Adam Silver, director of the 401(k) stable value group at Royal Bank of Canada, said his firm is also among the established wrap issuers who are prepared to start growing their business again, “although how big and fast is to be determined.”

Silver, Cruz, and Stevens were part of a four-person panel, along with Marijn Smit, president of AEGON Stable Value Solutions, that assessed the outlook for the stable value wrap market during the SVIA’s 2011 Fall Forum. AEGON is the largest wrap provider in the marketplace, Smit noted, with contracts on about $60 billion of fund balances, all on the synthetic side of the business.

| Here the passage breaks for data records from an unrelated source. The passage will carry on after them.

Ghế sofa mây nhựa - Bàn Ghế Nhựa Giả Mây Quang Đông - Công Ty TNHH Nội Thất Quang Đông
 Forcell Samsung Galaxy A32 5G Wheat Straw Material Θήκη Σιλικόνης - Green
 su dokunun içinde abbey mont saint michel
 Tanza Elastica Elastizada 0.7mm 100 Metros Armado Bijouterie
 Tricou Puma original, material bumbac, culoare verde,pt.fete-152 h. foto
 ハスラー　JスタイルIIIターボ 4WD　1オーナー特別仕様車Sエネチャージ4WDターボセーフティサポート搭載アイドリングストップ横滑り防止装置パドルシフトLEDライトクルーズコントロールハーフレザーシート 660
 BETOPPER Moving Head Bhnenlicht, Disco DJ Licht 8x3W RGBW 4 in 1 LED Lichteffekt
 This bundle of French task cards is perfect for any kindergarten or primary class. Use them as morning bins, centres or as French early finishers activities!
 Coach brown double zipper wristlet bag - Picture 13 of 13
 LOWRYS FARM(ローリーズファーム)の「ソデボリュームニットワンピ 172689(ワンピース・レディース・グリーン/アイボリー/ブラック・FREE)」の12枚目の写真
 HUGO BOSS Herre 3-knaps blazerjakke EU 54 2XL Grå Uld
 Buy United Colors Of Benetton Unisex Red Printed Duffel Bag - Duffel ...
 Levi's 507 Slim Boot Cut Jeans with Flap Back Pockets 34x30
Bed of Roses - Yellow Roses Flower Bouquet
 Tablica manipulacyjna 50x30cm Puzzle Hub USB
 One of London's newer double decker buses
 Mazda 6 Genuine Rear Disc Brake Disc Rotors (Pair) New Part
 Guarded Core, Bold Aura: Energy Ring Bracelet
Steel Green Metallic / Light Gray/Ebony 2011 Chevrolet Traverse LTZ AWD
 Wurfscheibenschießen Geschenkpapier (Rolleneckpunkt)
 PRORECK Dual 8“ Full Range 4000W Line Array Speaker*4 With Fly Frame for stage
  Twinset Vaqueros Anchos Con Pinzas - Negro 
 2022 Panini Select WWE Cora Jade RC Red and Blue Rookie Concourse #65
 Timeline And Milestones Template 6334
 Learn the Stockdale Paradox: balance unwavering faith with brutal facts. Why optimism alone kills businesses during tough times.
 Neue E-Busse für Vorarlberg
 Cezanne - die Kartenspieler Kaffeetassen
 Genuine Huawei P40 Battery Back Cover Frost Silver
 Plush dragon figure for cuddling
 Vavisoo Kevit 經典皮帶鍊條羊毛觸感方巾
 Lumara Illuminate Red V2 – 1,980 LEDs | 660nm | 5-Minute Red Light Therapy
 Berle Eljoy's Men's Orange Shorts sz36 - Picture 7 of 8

Smit said that’s been a “pretty consistent number” for the past several years and that AEGON is not planning to grow it at the moment.

The company is interested, however, in seeing wrap capacity expand industry-wide. AEGON has been actively encouraging new players to enter the market, Smit said, even going so far as to use some of its administrative capabilities to help new competitors come up to speed. “It may seem counterintuitive,” he said, “but we think it is in the overall best interests of the industry to have a diverse universe of providers.”

Silver said the idea that wrap capacity constraints could prompt some stable value managers to follow Schwab’s lead in exiting the business remains a legitimate concern, even though he continues to view stable value as an “incredibly attractive product for plan sponsors.”

“Eventually, and hopefully sooner rather than later,” Silver said, “other banks will come into the market.”

Looking at other trends in the wrap market, the panel predicted that global wrap contracts, in which multiple wrap providers agree to similar terms when wrapping a single stable value fund, will likely continue to decline in importance. In 2006, the panel noted, 61 percent of stable value funds were globally wrapped; by 2010, that figure had fallen to 30 percent.

Cruz also noted that his organization is seeing more transparency from fund managers, a trend Silver applauded. “When we underwrite, we need to understand what the different strategies are, whether its in a global wrap structure or not,” he said. “I think the new approach going forward is to have a lot more information about the overall asset structure of a fund and an understanding of who the other wrap providers are. One of the lessons we learned over the past few years is that all issuers take the credit risk of other issuers, and there is huge pressure to work problems out when an issuer gets into trouble to avoid harming the stable value fund.”

Cruz also said his company now values the ability to periodically re-underwrite its exposure on its wrap contracts, which is why it is moving toward offering finite-maturity rather than evergreen wrap contracts. “Everybody understands maturity profiles and the ability to manage exposure to certain dates,” he said. “I think that is an important consideration for us as we move forward.”

Looking toward other possible changes in the stable value marketplace, some members of the panel expressed reservations about having stable value funds included in the portfolios of target-date retirement funds, or about seeing the stable value industry create “hybrid” or “income” funds that would feature both wrapped and unwrapped assets. (See “Income Funds: The Next Evolution for Stable Value?” elsewhere in this issue of Stable Times.)

Silver said many investors were disappointed during the 2007-2009 stock market crash to find out that they could lose money in target-date funds, and that as a wrap provider he wasn’t sure he wanted to be involved with “a product that doesn’t ultimately achieve what it is expected to deliver.”

Silver also said hybrid funds could be problematic for wrap issuers for a number of reasons, notably the unpredictability of investor behavior in such a fund. In any event, he said he didn’t think such funds would prove very popular with retirement plan participants since they wouldn’t offer the principal protection that stable value funds have provided for decades.